BACKGROUND: Variations in F-wave morphology on surface electrocardiogram (ECG) during CCWID and CWID flutter have been reported but never systematically characterized.

METHODS: Over a four-year period, 139 patients with AFL on ECG underwent electrophysiologic study and echocardiography at our institution. Electrocardiographic data, intracardiac recordings, echocardiographic data, and patient characteristics were reviewed retrospectively.

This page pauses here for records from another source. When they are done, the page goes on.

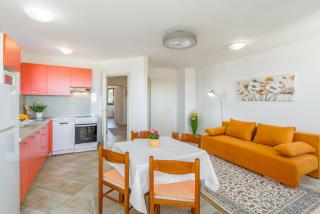 Ferienwohnung für 4 Personen ca 51 m in Poreč, Istrien Istrische Riviera - Poreč - 0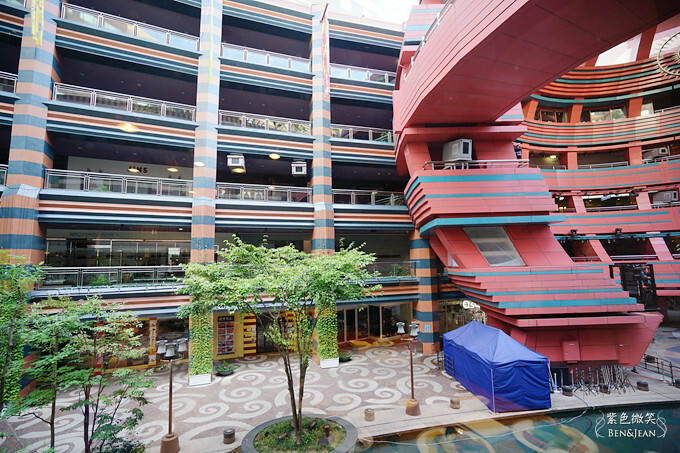 福岡君悅酒店推薦,運河城旁住宿超方便,早餐豐盛。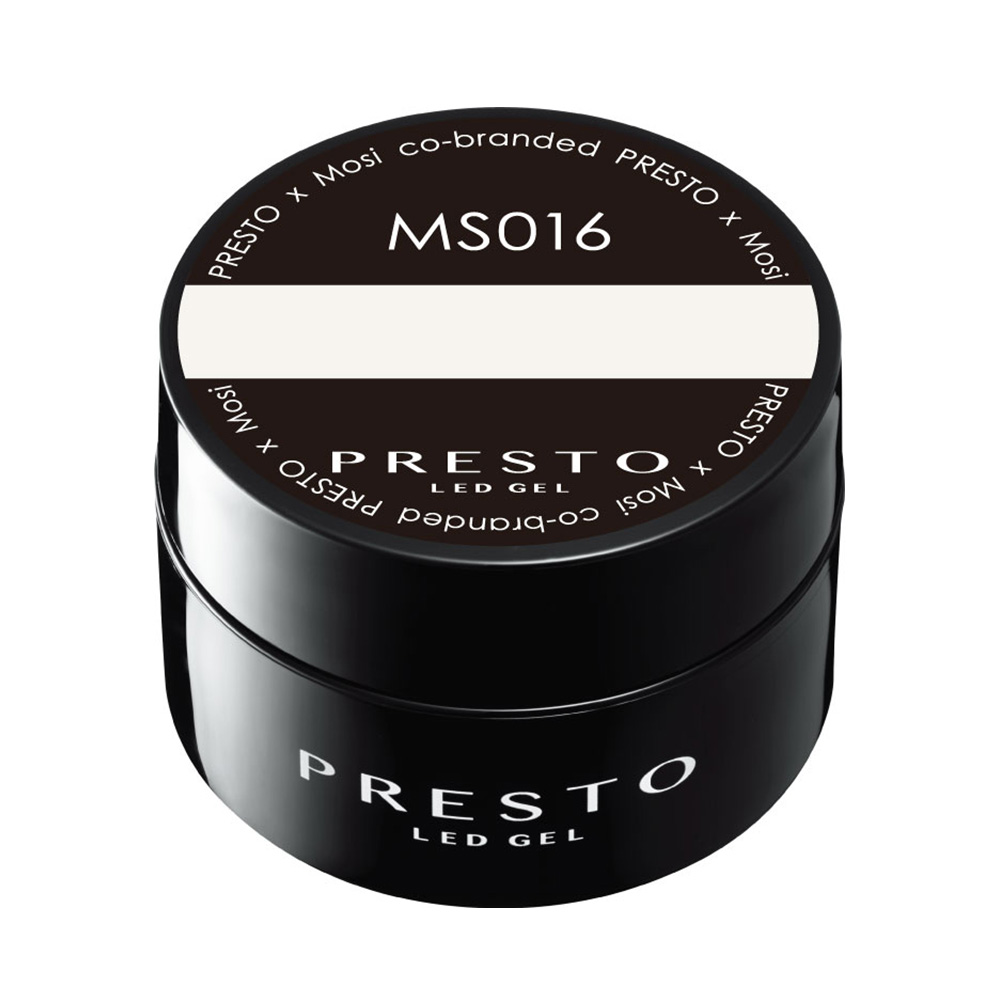 PRESTO アンリミテッドカラー 2.7g MS016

RESULTS: Of 156 AFLs evaluated, 130 were CCWID, 26 were CWID. Three types of CCWID flutter were observed: type 1 had purely negative F-waves inferiorly, types 2 and 3 had F-waves inferiorly with small (type 2) or broad (type 3) positive terminal deflections; CCWID flutter types 2 and 3 were associated with higher incidence of left atrial (LA) enlargement, heart disease, and atrial fibrillation (Afib) than type 1. Two types of CWID flutter were observed: type 1 had notched positive F-waves with a distinct isoelectric segment inferiorly. Type 2 had broader F-waves inferiorly with positive and negative components and a short isoelectric segment.

CONCLUSIONS: Variable ECG patterns for CCWID and CWID AFL exist. A positive component of the F-wave in the inferior leads during CCWID flutter is associated with an increased likelihood of heart disease, Afib, and LA enlargement.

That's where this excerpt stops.